A perennial source of contention between opinionated designers, the choices of delivery formats for text, imagery, video and beyond, have been well documented and debated, with Flash emerging as one of the crowd's favorites — as evidenced in the widespread deployment of Adobe's technology, especially in the fields of rich-media advertising and video streaming.
But that's the crux of the problem: it's "Adobe's technology" — and as with any other proprietary technology offering, its interaction with other technologies depends on the vagaries of licensing minutiae as much as it does on any infrastructure limitations — hence the growing popularity of standards-based open source software.

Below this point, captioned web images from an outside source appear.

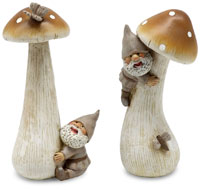 Gartenwichtel mit Pilz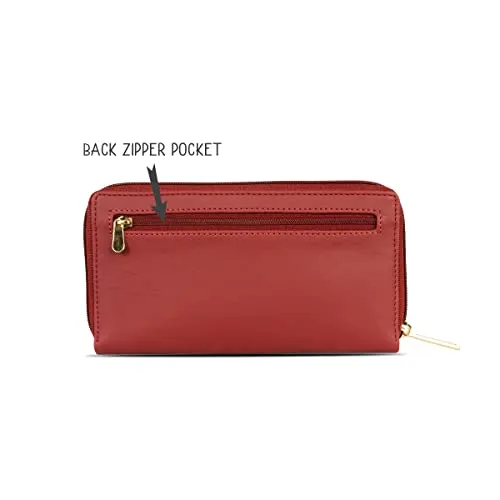 Baggit Women's Ziparound Wallet - Large (Red)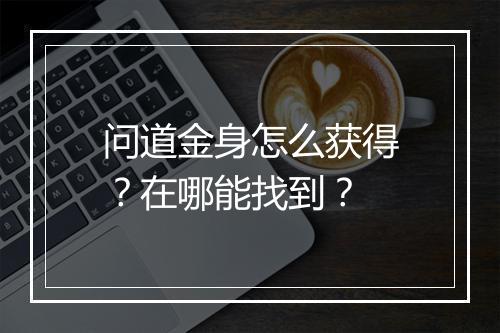 问道金身怎么获得？在哪能找到？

And that popularity increased again with Apple's release of the iPad, which disappointed many critical observers with its lack of Flash support — renewing the format controversy once again. The company's popular iPhone also lacks support for Flash, leaving "blue Lego blocks" to indicate missing content that was not displayed — but this was widely expected to be addressed with the iPad.
"Flash in the browser provides a competitive advantage to these devices because it will enable their customers to browse the whole web," Adobe Chief Technology Officer Kevin Lynch blogged. "We are ready to enable Flash in the browser on these devices if and when Apple chooses to allow that for its users, but to date we have not had the required cooperation from Apple to make this happen."

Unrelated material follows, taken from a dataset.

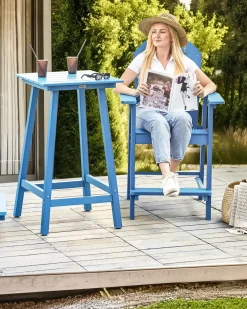 Clearance Beliani ADIRONDACK Materiale sintetico Blu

Enter into this equation the latest version of HTML, the language which is used to create most web pages, and which provides much of the functionality of Flash, but without licensing restrictions which would prevent the display of its "web standard" content types.
HTML 5 offers integrated audio and video support, along with increased interactive and display functionality, among other game-changing features and presents an obvious route to open source security — but Flash will hold sway, at least until the next generation of web properties evolves, say some experts.
"The Web (including video, games, animation) is too vital a platform for business, communication, and society to be in the hands of any single vendor," Opera Software's Bruce Lawson said. "But it'll be a while; there is a huge body of existing content that uses Flash."
Existing content isn't the only issue, however, and neither is licensing or the lack of Flash on the iPhone and iPad — there is also the current immaturity of HTML 5 and the lack of cooperation and advancement at times of even its most vocal proponents in getting the standard fully developed and ratified. There are also other contenders such as Microsoft with its advanced Silverlight platform muddying up the waters.
Adobe, for its part, views the Internet as large enough for both Flash and other display technologies to co-exist.
"Longer term, some point to HTML as eventually supplanting the need for Flash, particularly with the more recent developments coming in HTML with version 5," Lynch concluded. "I don't see this as one replacing the other, certainly not today nor even in the foreseeable future."
XBIZ recently reported on the controversy surrounding a "BangBros." screenshot posted to Adobe's official Flash blog as an example of the "crippled web" experience that users without Flash will be subjected to.